Опомнитесь, придите в себя, уверьтесь, что и вас ожидает такая же участь. На вас вчуже жаль смотреть. О, зачем, зачем вы его так полюбили? Зачем принесли ему в жертву сердце, преданное вам и достойное вас.
Одно участие побудило меня писать к вам; авось еще не поздно! Я ничего не имею против него, кроме презрения, которое он вполне заслуживает. Он не женится на вас, поверьте мне; покажите ему это письмо, он прикинется невинным, обиженным, забросает вас страстными уверениями, потом объявит вам, что бабушка не дает ему согласия на брак; в заключение прочтет вам длинную проповедь или просто признается, что он притворялся, да еще посмеется над вами, и – это лучший исход, которого вы можете надеяться и которого от души желает вам
Вам неизвестный, но преданный вам друг NN».
После допроса, устроенного близкими, она чувствовала себя отверженной от семьи.

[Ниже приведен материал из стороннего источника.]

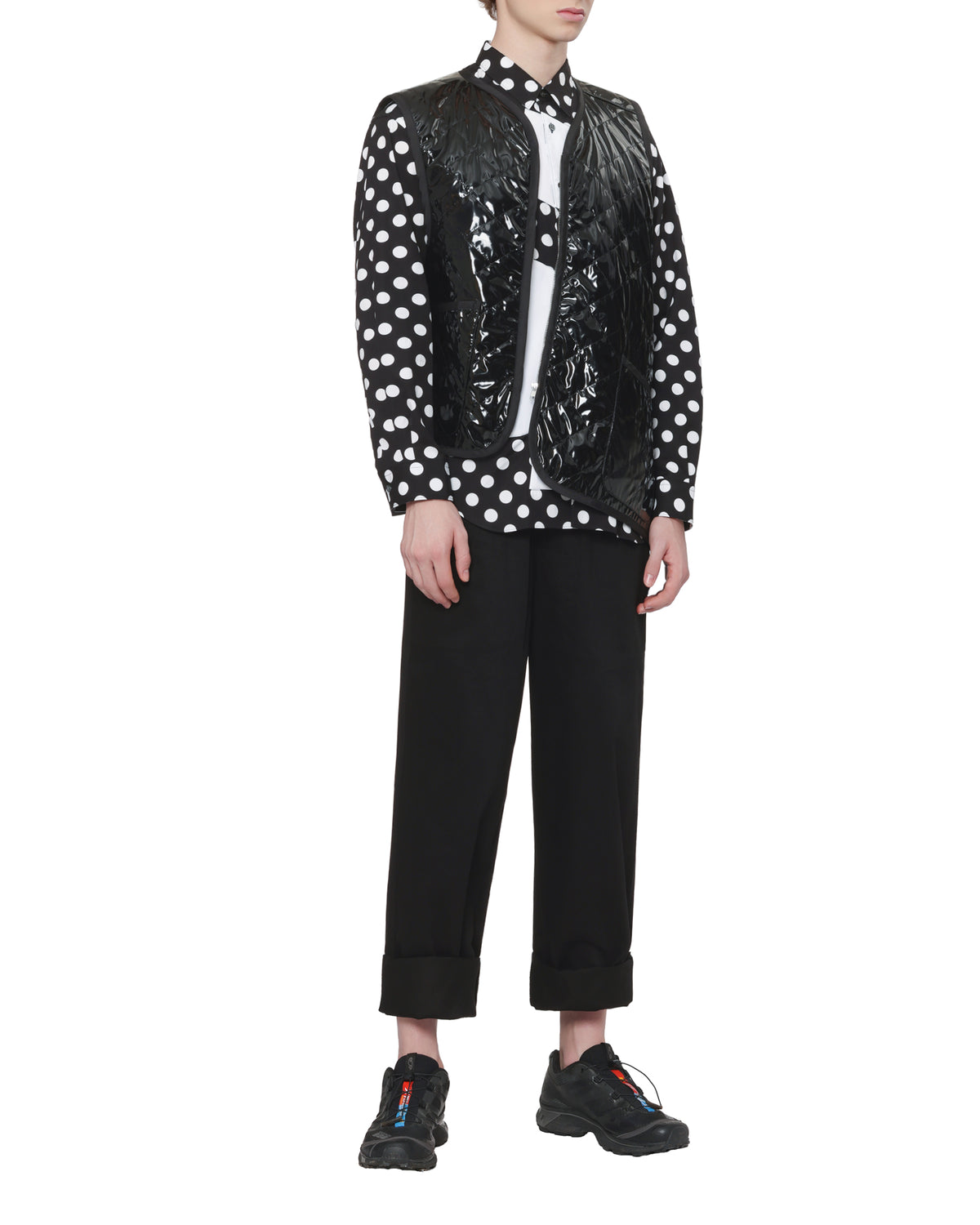 Polka dot patchwork shirt
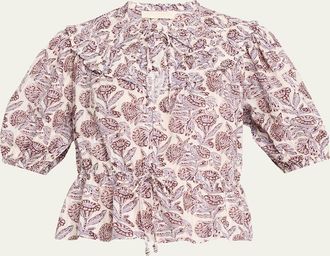 Ulla Johnson Elvie Printed Short-Sleeve Blouse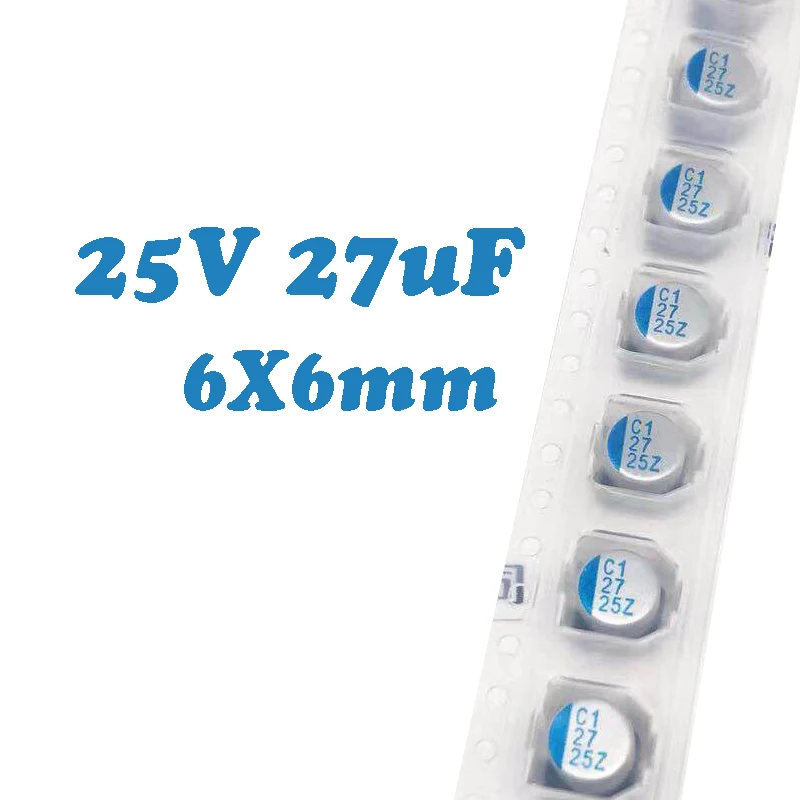 

25V27UF 6X6мм SMD твердотельный/полимерный конденсатор 27мкФ 25В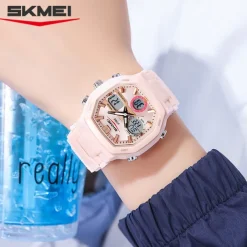 Time Beauty Fashion Multi functional Student Watch Electronic Watch Sports 3 Time Display Electronic Watch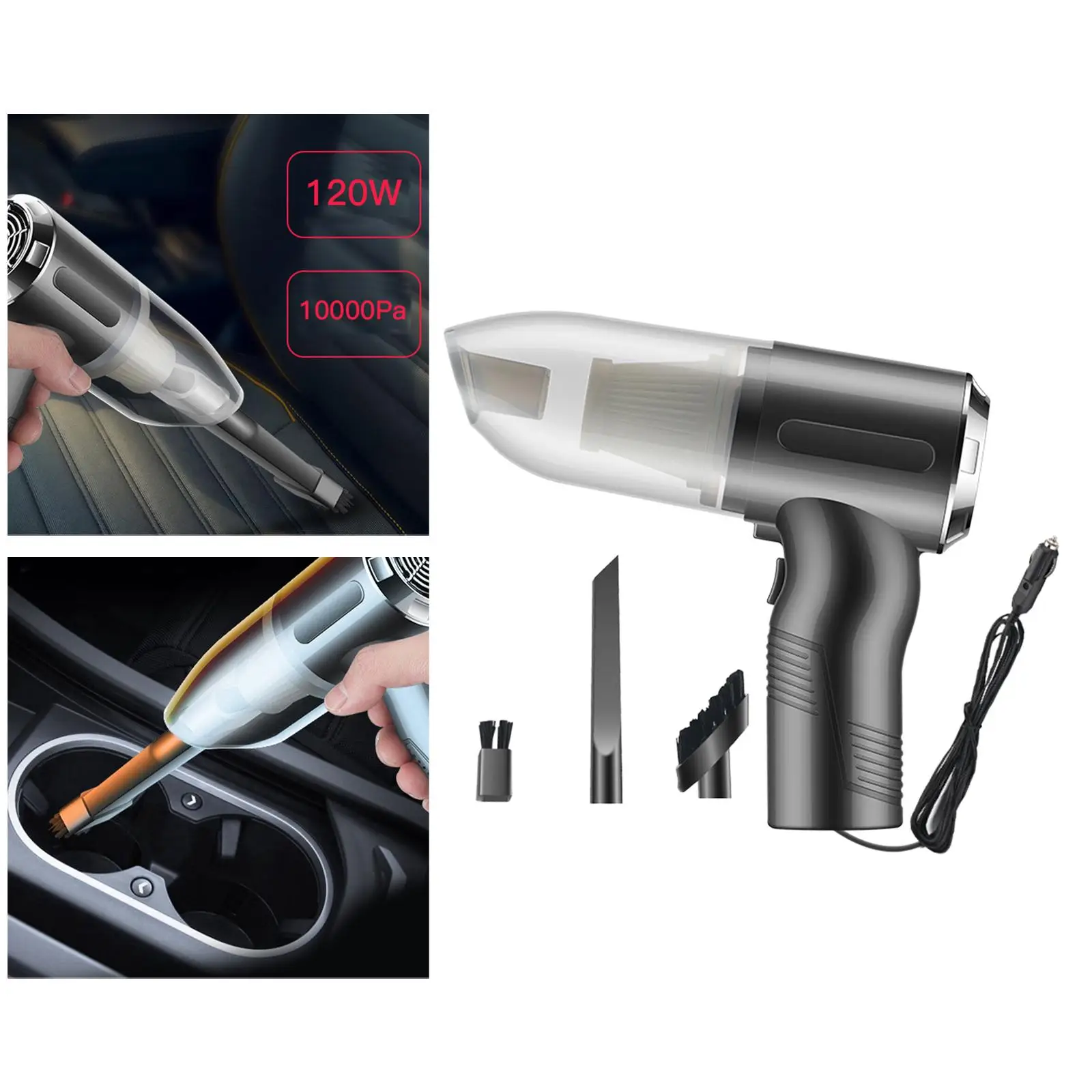 Portable Car Vacuum Cleaner 10000PA Strong Suction High Power Mini Vacuum for Vehicle, Pet Hair, Office, Sofa, Home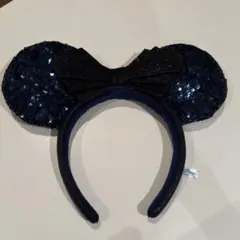 ネイビー スパンコール ヘアバンド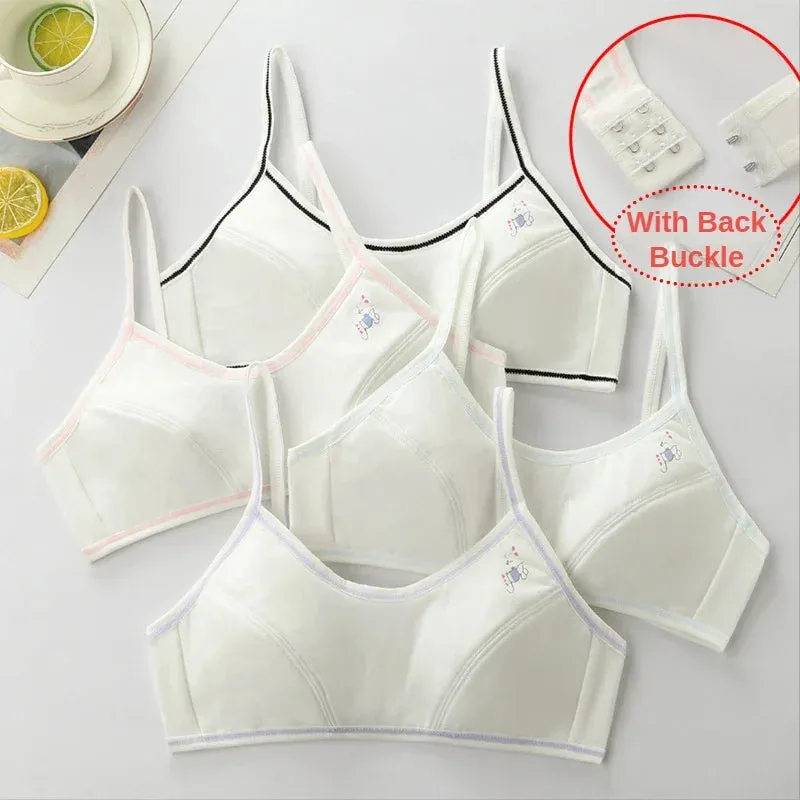4 Pcs/Lot Girls Brassiere Cotton Underwear Back Buckle Design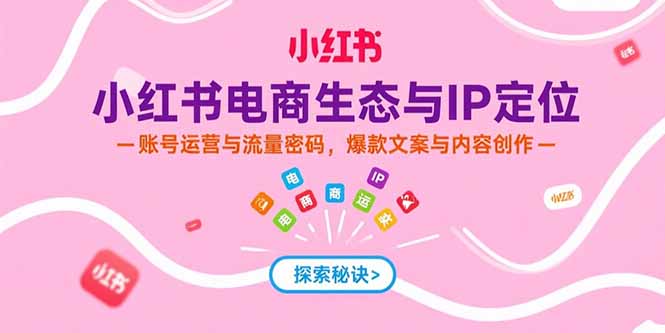 小红书电商生态与IP定位，账号运营与流量密码，爆款文案与内容创作-贝贝云网创
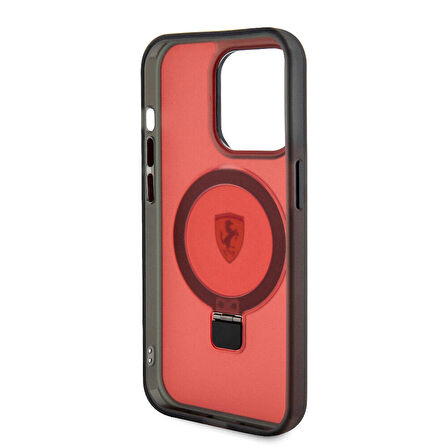 iPhone 15 Pro Max Uyumlu Kılıf Ferrari Magsafe Şarj Özellikli Standlı Buzlu Yüzey Dizayn Kapak Kırmızı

Разлука с Лермонтовым, которого не пускали в дом, становилась с каждым днем все более невыносимой.
Спустя время на вечере у Лонгиновых, где Сушковой было запрещено танцевать мазурку с Лермонтовым, они все же нашли друг друга, сели рядом и весь вечер проговорили. На других вечерах она старалась танцевать только с Михаилом Юрьевичем. Так Екатерина Александровна и жила от вечера к вечеру и считала жизнью только те минуты, когда видела поэта. Затем они встречались все реже. И вот на одном из балов Лермонтов прошел мимо Сушковой, сделав вид, что не заметил ее. Она попыталась понять, за что он сердится.
«Имею ли я право сердиться на вас? Я доволен всем и всеми и даже благодарен вам, за все благодарен».
В этот вечер Михаил Юрьевич больше не разговаривал с Екатериной Александровной. Но через несколько дней он ей скажет: «… Я вас больше не люблю, да, кажется, и никогда не любил».
Впоследствии одной из кузин Сушковой, которая во всех подробностях знала историю взаимоотношений Екатерины Александровны и Михаила Юрьевича, Лермонтов признается: «<…> Я ее любил искренне, хотя и недолго, она мне была жалка, и я уверен, что никто и никогда так не любил и не полюбит меня, как она».
В перипетиях любовной игры, инсценированной Лермонтовым в столичных светских гостиных зимою 1834/35 года, поэт напишет в одном из писем к A. M. Верещагиной: «Теперь я не пишу романов, я их делаю».
Однако, как справедливо отмечает Ю. Г. Оксман: «… Лермонтов не только делал романы, – вопреки своей юношеской браваде, он их писал. Страницы «Княгини Литовской» свидетельствуют о том, что уже в 1836 году история с Е. А. Сушковой дала материал для одного из важнейших сюжетных узлов романа, почти все персонажи которого представляли собою откровенные сколки с живых лиц, участников той же светской эпопеи».
«Полтора года тому назад, – читаем мы в третьей главе «Княгини Литовской», – Печорин был еще в свете довольно новый: ему надобно было, чтоб поддержать себя, приобрести то, что некоторые называют светскою известностью, то есть прослыть человеком, который может делать зло, когда ему вздумается; несколько он напрасно искал себе пьедестал, вставши на который он бы мог заставить толпу взглянуть на себя; сделаться любовником известной красавицы было бы слишком трудно для начинающего, а скомпрометировать девушку молодую и невинную он бы не решился, и потому он избрал своим орудием Лизавету Николаевну, которая была ни то, ни другое. Как быть? В нашем бедном обществе фраза: он погубил столько-то репутаций – значит почти: он выиграл столько-то сражений».